[Exercise goal]
Copy the lines below exactly, starting at the one with "1104 Hillcrest Blvd, Gainesville, TX" and ending at the one with "Superior Minahasa Bungalow", and leave out any picture.

[Data to examine]

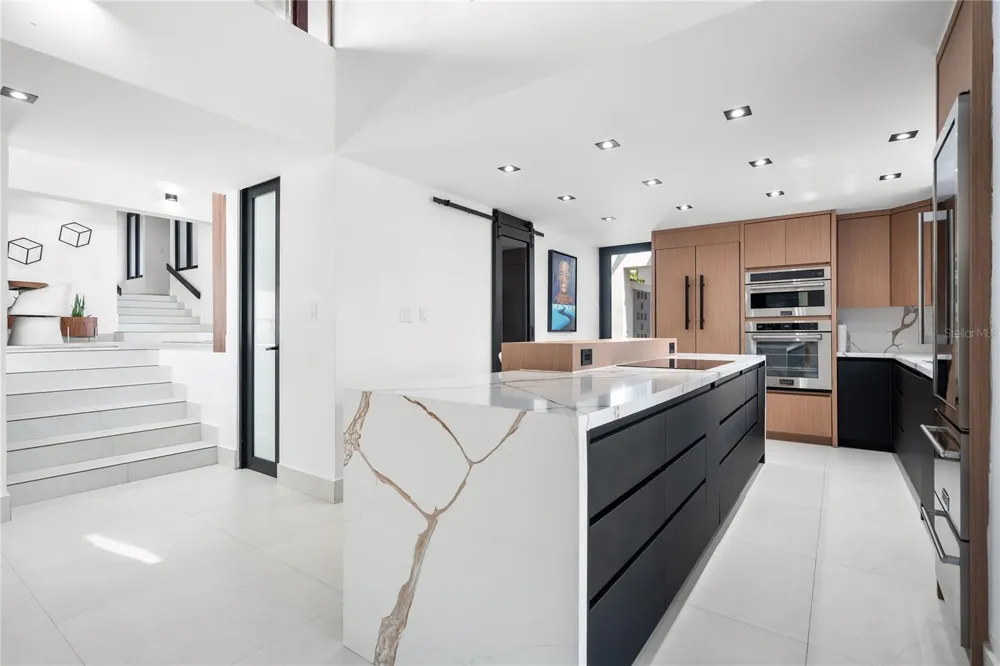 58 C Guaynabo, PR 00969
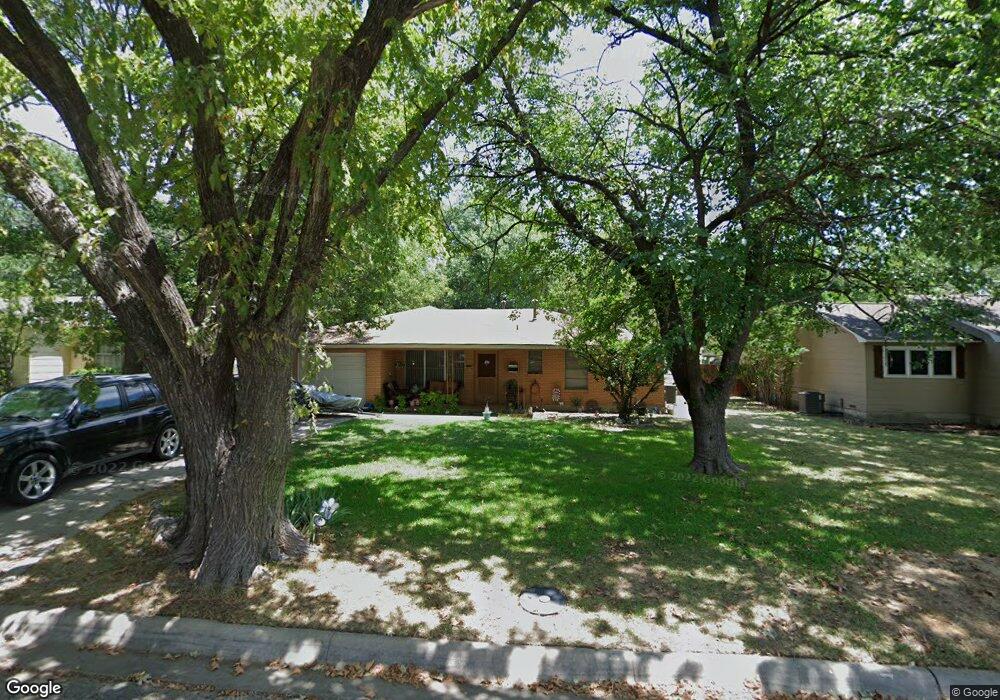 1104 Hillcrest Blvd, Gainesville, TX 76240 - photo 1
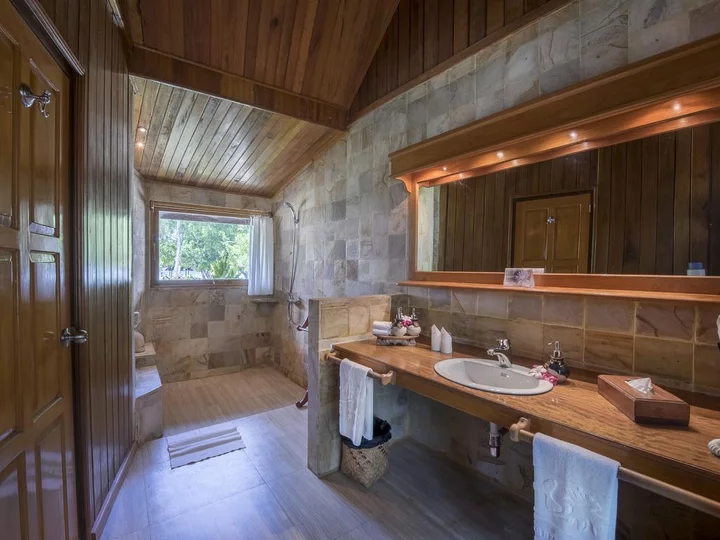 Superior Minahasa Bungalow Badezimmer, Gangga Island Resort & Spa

...

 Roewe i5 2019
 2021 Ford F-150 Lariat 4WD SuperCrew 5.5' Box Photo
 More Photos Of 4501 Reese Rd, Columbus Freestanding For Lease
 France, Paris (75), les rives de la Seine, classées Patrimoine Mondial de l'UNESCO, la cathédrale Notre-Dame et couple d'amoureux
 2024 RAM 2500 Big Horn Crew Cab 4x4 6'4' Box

[Exercise solution]
 1104 Hillcrest Blvd, Gainesville, TX 76240 - photo 1
 Superior Minahasa Bungalow Badezimmer, Gangga Island Resort & Spa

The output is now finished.